┌─ The data

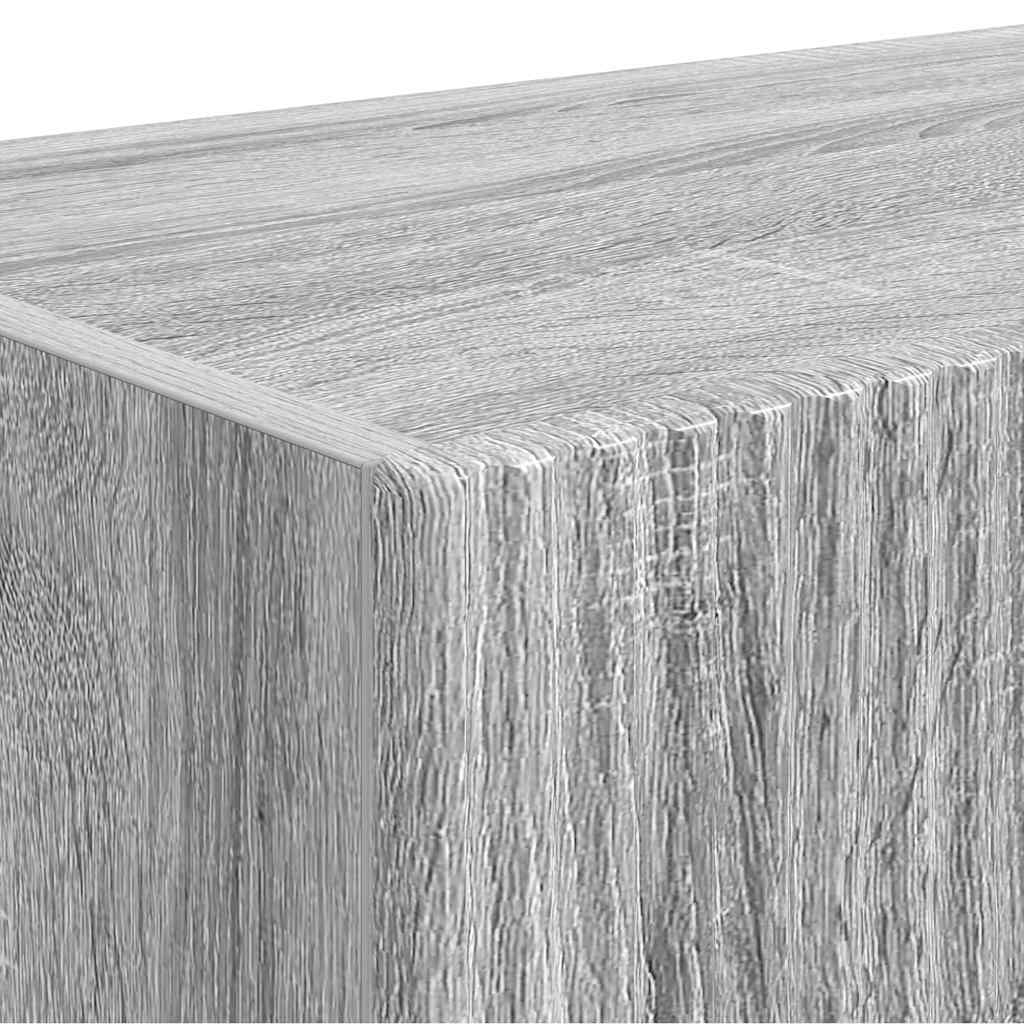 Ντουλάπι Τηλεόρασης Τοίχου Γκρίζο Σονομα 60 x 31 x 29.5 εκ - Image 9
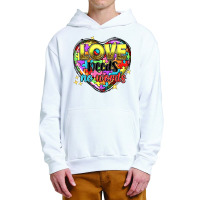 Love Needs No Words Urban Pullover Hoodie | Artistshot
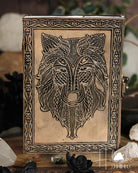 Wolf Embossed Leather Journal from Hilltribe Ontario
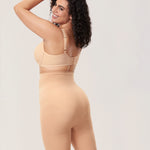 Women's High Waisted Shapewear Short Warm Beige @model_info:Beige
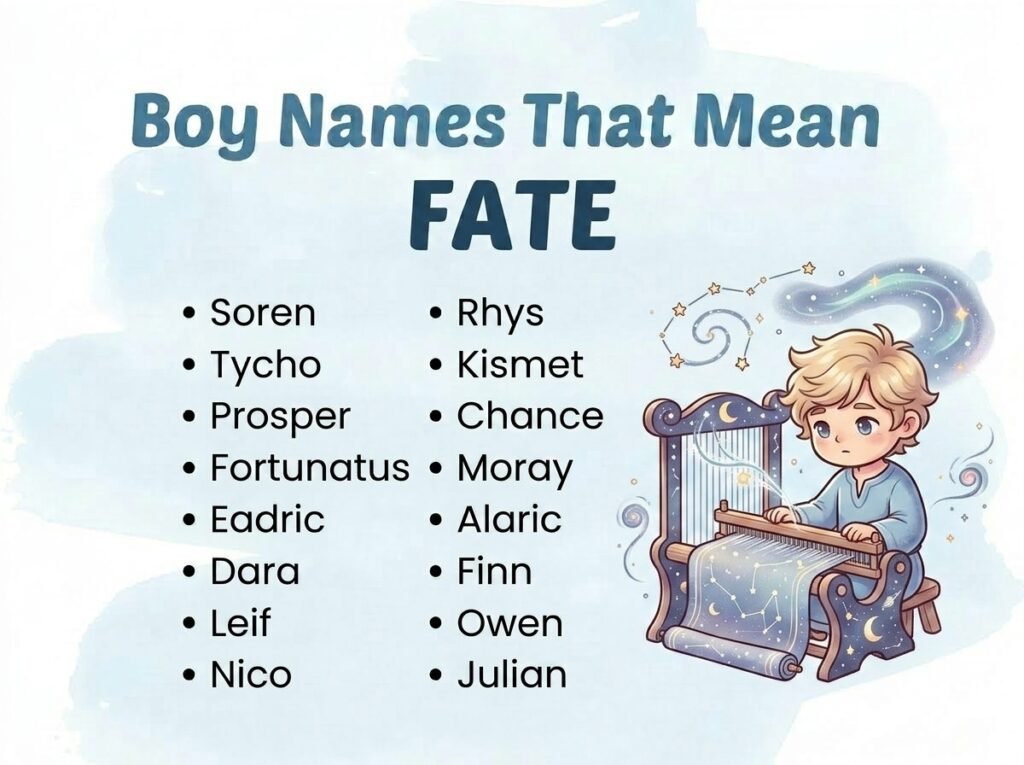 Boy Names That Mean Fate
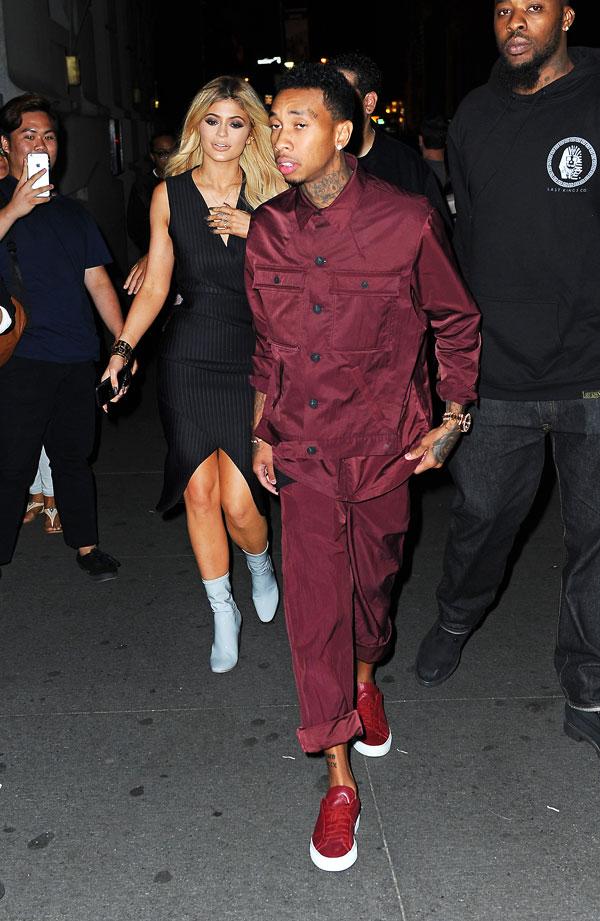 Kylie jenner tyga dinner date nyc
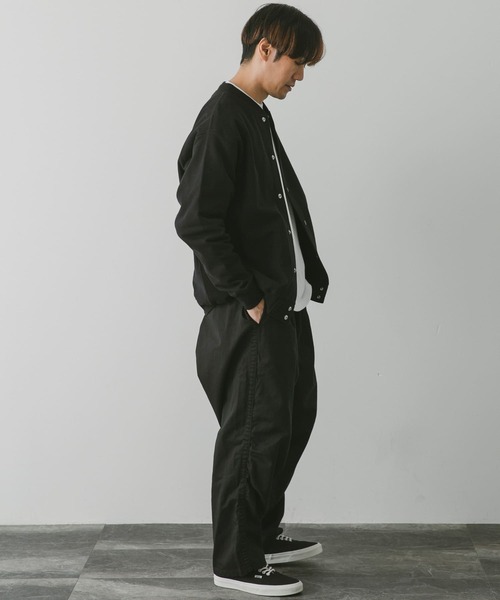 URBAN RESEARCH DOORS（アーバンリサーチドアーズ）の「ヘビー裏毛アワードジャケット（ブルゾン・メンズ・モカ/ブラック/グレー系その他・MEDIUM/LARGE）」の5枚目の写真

└─

• **Work instruction**
Write out each line exactly, from the one containing "Boy Names That Mean Fate" through the end of the entries, and skip the pictures.

• **Output of the task**
 Boy Names That Mean Fate
 Kylie jenner tyga dinner date nyc
 URBAN RESEARCH DOORS（アーバンリサーチドアーズ）の「ヘビー裏毛アワードジャケット（ブルゾン・メンズ・モカ/ブラック/グレー系その他・MEDIUM/LARGE）」の5枚目の写真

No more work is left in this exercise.